This weekend I thought why not pamper my sweet tooth a bit. Good reason for this is - one of my friends Mom e-mailed me last week with lots of good wishes and a saying –“Life is uncertain. Eat dessert first.” And she sent this beautiful Mexican dessert recipe which she called cinnamon coconut custard. I thought it’s good to be sweet sometimes so I recreate it in my kitchen and it was wonderful with a prominent cinnamon flavor. I am sure you will love this light creamy dessert and specially after a spicy main course.
Sugar 1 cup (more or less according to choice)
Cinnamon sticks 1 inch
Cinnamon powder 3 pinch
Dry shredded coconut 1 cup
Milk 2 cups
Whipped cream 6 tablespoon(optional)
Chopped almond 2 table spoon toasted(optional)

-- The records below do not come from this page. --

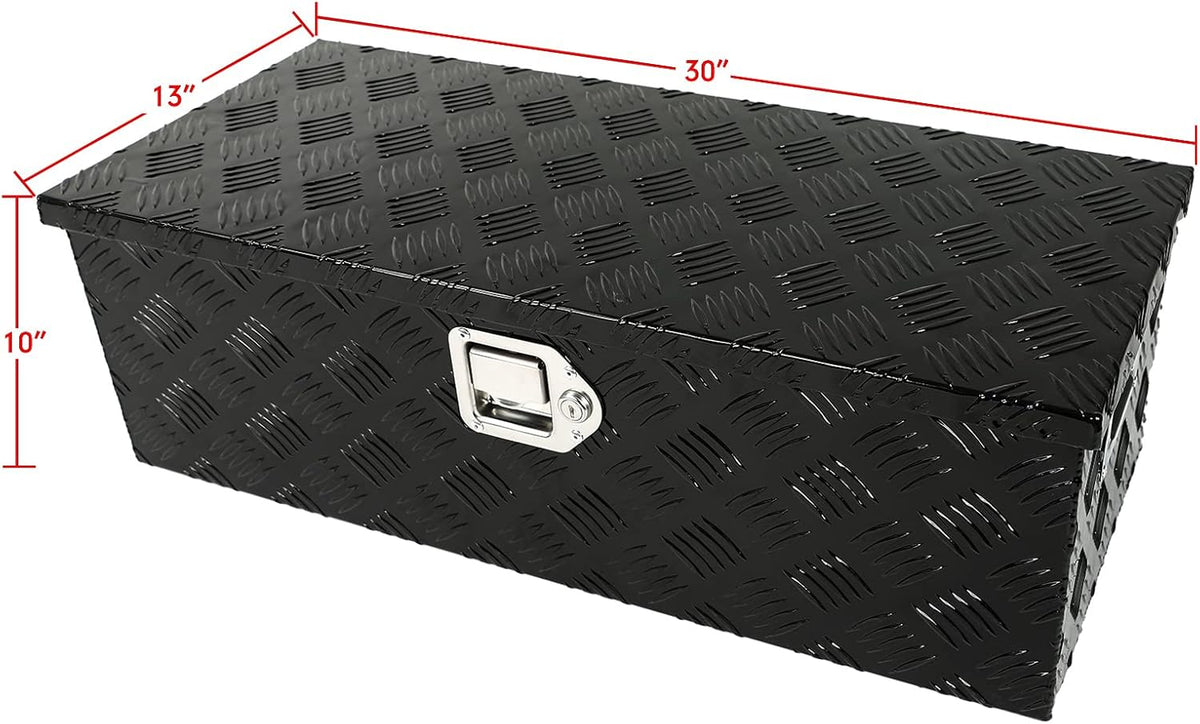 Black Aluminum Underbody Tool Box 30X13X10 Inch T13571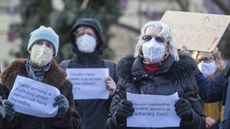 Protestní shromádní u Smetanova nábeí proti kácení javoru stíbrného. Na...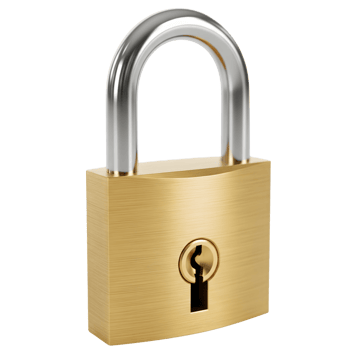 A shiny golden padlock with a silver shackle stands securely against a clean transparent background, symbolizing safety and protection png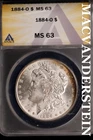 1884-O Morgan Dollar - ANACS MS 63 - Scarce  No Reserve  #SLK634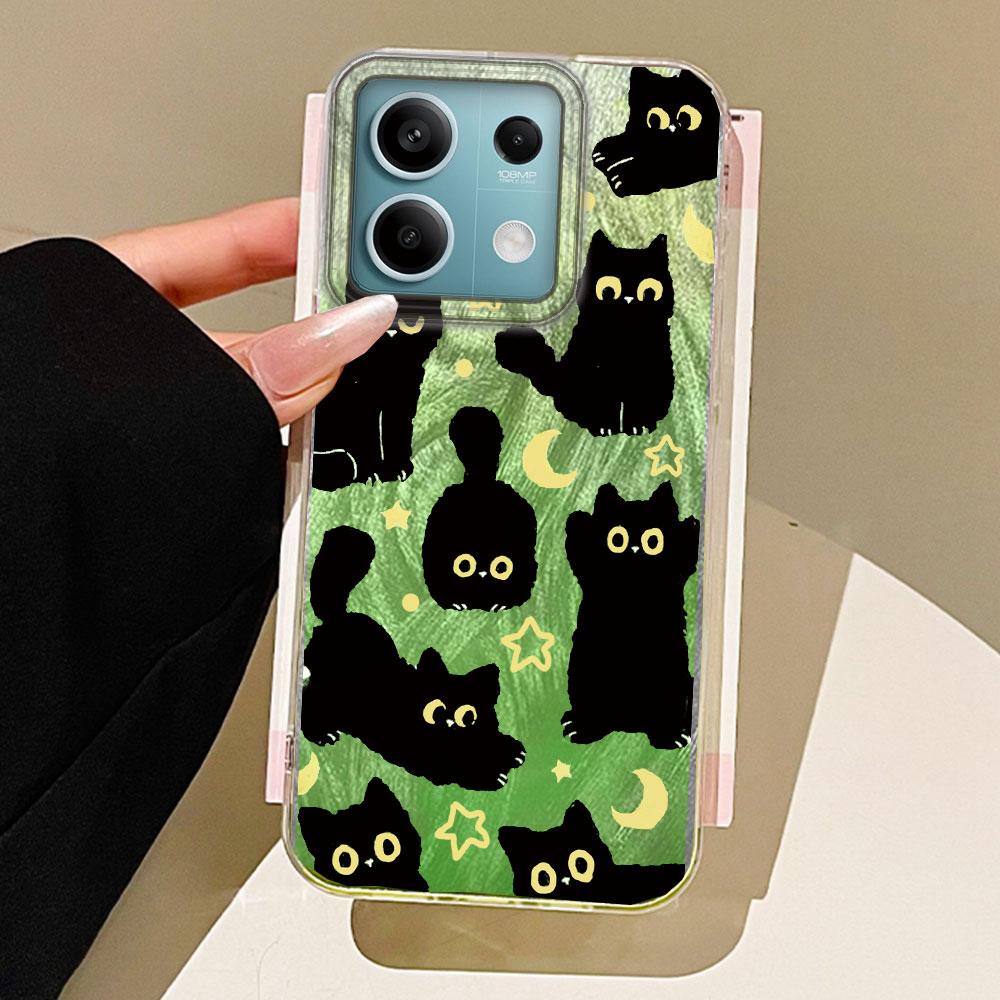 Cute Moon Black Cat Phone Case for Xiaomi Redmi A3 A3X A4 14C Note 10 12 11 Pro Poco X5 X7 Pro X5 X7 Pro Shell Silicone Cover
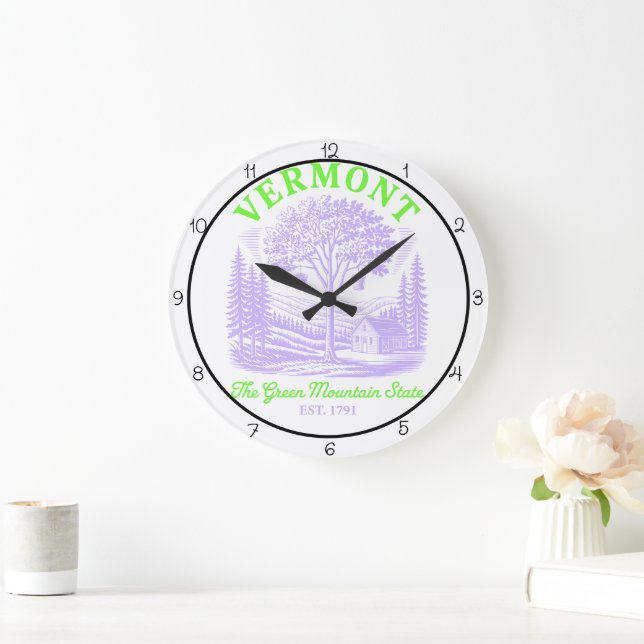 Reloj Redondo Grande Vermont Green Mountain State Cabin  (Hogar)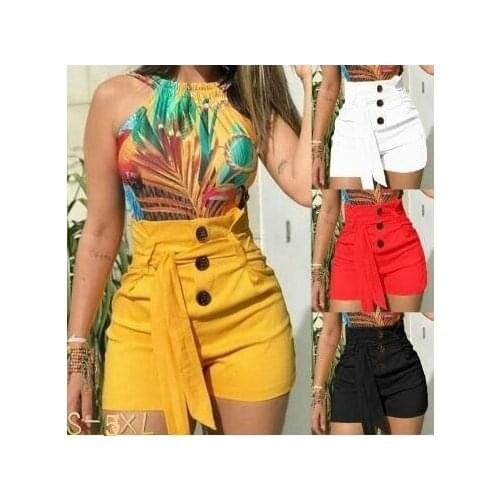 Summer Shorts Women 2021 Buttons High Waist Drawstring Shorts Casual Wide Leg Short Pants Large Plus Size 5XL Loose Short Femme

Chocolate sauce 1 table spoon(optional)
Put a pan on heat and boil milk with cinnamon sticks .Then add grated coconut and sugar. Continuously go on stirring for 10 minutes. This is a good exercise for hands if you want to shed few pounds while cooking and then gain few having it ( hahaha)! Put off the flame and let it cool down completely then take off the cinnamon sticks from it. Meanwhile take a bowl and take four eggs in it with a pinch of cinnamon powder. Whisk well. Add the prepared coconut in it . Mix well. Now grease a baking dish and pour the whole mixture in it. Bake at 375 degree for 10 minutes or till done. Take out let it cool down top with whipped cream and almond flakes and drip chocolate sauce and make any design of your choice and sprinkle cinnamon powder on top .Those who can show the courage to skip this tempting part please do so though I must admit I fall weak and even can’t wait to put it in the refrigerator and then have it, but for you do serve this delicious Mexican Cinnamon Coconut Custard after giving a half hour rest in the refrigerator.